Deixo de conhecer, portanto, do contrato juntado intempestivamente. Bem como não reconheço a contratação em face da não apresentação de contrato na fase de instrução.

 

INEXISTÊNCIA DE DANO MORAL

 

A parte ré incidiu nos termos da súmula 18 do TJPI, ensejando a nulidade do contrato.

Nestes casos este tribunal tem entendido de forma reiterada a aplicação de danos morais:

EMENTA APELAÇÕES CÍVEIS. EMPRÉSTIMO CONSIGNADO. AUSÊNCIA DE COMPROVAÇÃO DA TRANSFERÊNCIA DO VALOR INERENTE AO CONTRATO DISCUTIDO NOS AUTOS. SÚMULA 18 DO TJPI. RECURSO DO RÉU CONHECIDO E IMPROVIDO. RECURSO DA AUTORA CONHECIDO E IMPROVIDO. SENTENÇA MANTIDA. 1. Nos termos da Súmula nº. 18 deste Egrégio Tribunal de Justiça, a ausência de comprovação pela instituição financeira da transferência do valor do contrato para a conta bancária do consumidor/mutuário, garantidos o contraditório e a ampla defesa, ensejará a declaração de nulidade da avença, com os consectários legais.4. Os transtornos causados no benefício previdenciário da parte autora, em razão dos descontos indevidos, são inegáveis e extrapolam os limites do mero dissabor, sendo desnecessária, pois, a comprovação específica do prejuízo.5. A restituição em dobro, no caso, é medida que se impõe.6. Observados os princípios da razoabilidade e da proporcionalidade, não cabe majoração do quantum indenizatório no caso em comento.
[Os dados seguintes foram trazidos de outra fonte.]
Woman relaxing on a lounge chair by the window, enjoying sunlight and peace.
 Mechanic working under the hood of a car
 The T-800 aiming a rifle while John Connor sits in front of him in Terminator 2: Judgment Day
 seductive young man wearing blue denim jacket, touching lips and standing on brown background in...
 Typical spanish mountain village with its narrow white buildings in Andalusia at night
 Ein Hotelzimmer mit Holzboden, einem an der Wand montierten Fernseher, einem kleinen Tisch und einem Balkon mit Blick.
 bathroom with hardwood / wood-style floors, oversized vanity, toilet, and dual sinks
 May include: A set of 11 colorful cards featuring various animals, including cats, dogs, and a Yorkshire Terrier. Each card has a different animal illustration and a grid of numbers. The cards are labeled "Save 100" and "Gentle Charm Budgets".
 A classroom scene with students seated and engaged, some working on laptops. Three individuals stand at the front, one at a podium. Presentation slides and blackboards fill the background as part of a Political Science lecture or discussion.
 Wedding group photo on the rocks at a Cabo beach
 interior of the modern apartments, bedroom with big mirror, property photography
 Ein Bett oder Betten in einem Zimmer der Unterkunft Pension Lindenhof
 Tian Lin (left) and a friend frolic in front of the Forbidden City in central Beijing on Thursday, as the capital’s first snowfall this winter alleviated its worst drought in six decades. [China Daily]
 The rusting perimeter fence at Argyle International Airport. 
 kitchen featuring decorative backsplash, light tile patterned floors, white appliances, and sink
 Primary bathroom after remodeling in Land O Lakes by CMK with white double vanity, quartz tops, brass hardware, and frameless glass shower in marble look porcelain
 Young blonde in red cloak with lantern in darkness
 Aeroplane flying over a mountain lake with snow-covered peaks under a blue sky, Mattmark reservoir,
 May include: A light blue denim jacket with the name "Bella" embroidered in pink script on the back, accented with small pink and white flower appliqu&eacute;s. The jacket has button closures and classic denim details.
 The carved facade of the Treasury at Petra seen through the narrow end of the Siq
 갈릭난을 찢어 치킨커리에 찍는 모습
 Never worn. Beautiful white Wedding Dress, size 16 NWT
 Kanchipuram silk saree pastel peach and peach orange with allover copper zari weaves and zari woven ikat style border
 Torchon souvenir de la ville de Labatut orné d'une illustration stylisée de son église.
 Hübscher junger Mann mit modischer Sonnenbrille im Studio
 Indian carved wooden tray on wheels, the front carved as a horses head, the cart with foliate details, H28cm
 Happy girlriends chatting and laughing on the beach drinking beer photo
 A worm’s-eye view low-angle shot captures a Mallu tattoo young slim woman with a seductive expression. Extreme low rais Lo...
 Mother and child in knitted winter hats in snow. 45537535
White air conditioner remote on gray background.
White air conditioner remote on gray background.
No momento da fixação do quantum indenizatório, deve ser considerado, ainda, que indenização não pode gerar enriquecimento ilícito à parte que sofreu a ofensa, devendo ser estabelecido um valor que repare o dano moral. 7. Recursos conhecidos e improvidos. Sentença mantida. (TJPI - APELAÇÃO CÍVEL 0800088-60.2022.8.18.0065 - Relator: FERNANDO LOPES E SILVA NETO - 3ª Câmara Especializada Cível - Data 23/10/2024)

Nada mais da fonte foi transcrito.